If you’re a fan of waterfalls like I am – the taller and splashier the better – then one place you need to go is Yellowstone National Park. In addition to the abundance of wildlife such as bison, bears and wolves and the copious quantity of hot springs, there are also some lovely waterfalls.
Your first stop should be the “Grand Canyon of the Yellowstone”, a large (1000 feet in depth) and long (20 miles) chasm created by rocks weakened by hydro-thermal activity further eroded by the Yellowstone River.
There are two falls here to view: The Upper Falls and the Lower Falls. Go early, as the viewpoints overlooking these falls will get crowded by noon, but in the morning they were nearly deserted.
Entering the area, you arrive at the Brink of the Upper Falls outlook first. You can stand at the top of the falls and watch the water rush over and feel the spray. The Falls is 109 feet high and standing atop it you can really get a sense at the water raging over the falls.

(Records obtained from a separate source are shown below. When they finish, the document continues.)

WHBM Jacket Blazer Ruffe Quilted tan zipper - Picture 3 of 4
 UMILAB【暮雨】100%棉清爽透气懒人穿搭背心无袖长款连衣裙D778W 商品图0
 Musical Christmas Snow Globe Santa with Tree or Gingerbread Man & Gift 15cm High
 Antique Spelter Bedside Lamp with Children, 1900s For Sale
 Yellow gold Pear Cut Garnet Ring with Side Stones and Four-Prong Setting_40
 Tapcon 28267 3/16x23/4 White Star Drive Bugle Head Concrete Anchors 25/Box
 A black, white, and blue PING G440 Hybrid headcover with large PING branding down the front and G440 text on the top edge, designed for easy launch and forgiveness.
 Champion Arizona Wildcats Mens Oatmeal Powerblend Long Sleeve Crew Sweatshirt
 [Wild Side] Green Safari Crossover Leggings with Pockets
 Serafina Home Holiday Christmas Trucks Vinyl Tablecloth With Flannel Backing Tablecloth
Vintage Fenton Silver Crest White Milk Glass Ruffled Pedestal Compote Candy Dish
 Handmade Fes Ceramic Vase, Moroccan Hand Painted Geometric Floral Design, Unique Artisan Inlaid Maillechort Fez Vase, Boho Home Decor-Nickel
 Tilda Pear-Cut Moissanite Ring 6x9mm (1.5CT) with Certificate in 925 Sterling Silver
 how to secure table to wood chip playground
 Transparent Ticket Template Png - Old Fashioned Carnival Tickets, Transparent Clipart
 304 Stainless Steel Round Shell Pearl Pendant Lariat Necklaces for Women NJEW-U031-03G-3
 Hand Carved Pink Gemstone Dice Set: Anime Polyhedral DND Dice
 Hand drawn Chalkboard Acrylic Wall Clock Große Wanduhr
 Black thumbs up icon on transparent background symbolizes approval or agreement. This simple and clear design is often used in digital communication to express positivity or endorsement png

I would recommend going down South Rim Drive first. The viewpoints were more
picturesque than on the North Rim Drive. We started with the view of the Upper Falls from Uncle Tom’s Point. It’s the best view of the Upper Falls.
From this viewpoint, it’s a short walk along the South Rim Trail to the start of Uncle Tom’s Trail. Only 328 steps (500 feet) down the canyon – about ¾ of the way – to the foot of the Lower Falls! Lower Falls is 308 feet of raging water.
328 steps is doable, but at an elevation 8000 feet? Try it only if you’re in good shape, because if you’re lucky there is a great view of a rainbow arcing over the spray at the bottom of the lower falls.
The way down wasn’t difficult, but back up was leg-numbing. I rested every 25 steps or so to catch my breath, which is difficult to do at this altitude, but my legs felt like jelly. I wasn’t the only one suffering the way back to the top. The view with the rainbow was worth it though.
The remaining lookouts have views of the canyon and Lower Falls. On the South Rim, Artist’s Point had a great view of the canyon and Lower Falls. On the North Rim, Lookout Point, Grand View and Inspiration Point (not inspiring) all had views of the Lower Falls and/or the canyon. At Lookout Point, a short walk brings you to Red Rock point with the closest full view of the Lower Falls.
You can easily do both Rims in a day, unless you’re really into hiking. You can stay close to the Grand Canyon at Canyon Village in Yellowstone.
A couple other falls we found during our explorations were worth a stop at their overlooks:
The easy pathway to this falls was next to a convenience store where we stopped for picnic lunch items on our way to the Lamarr Valley (a couple miles south of Roosevelt). Tower Falls is 132 feet high. The name “Tower” is derived from the towering volcanic formations surrounding the falls. (per Yellowstone.net)
We discovered this falls on the road to Mammoth Hot
Springs while trailing a couple of bison lumbering at a slow pace down the middle of the road. We pulled off into a lookout For Undine Falls to wait them out. This falls is 60 feet high.
These are just a few of the waterfalls in the park that you can check out!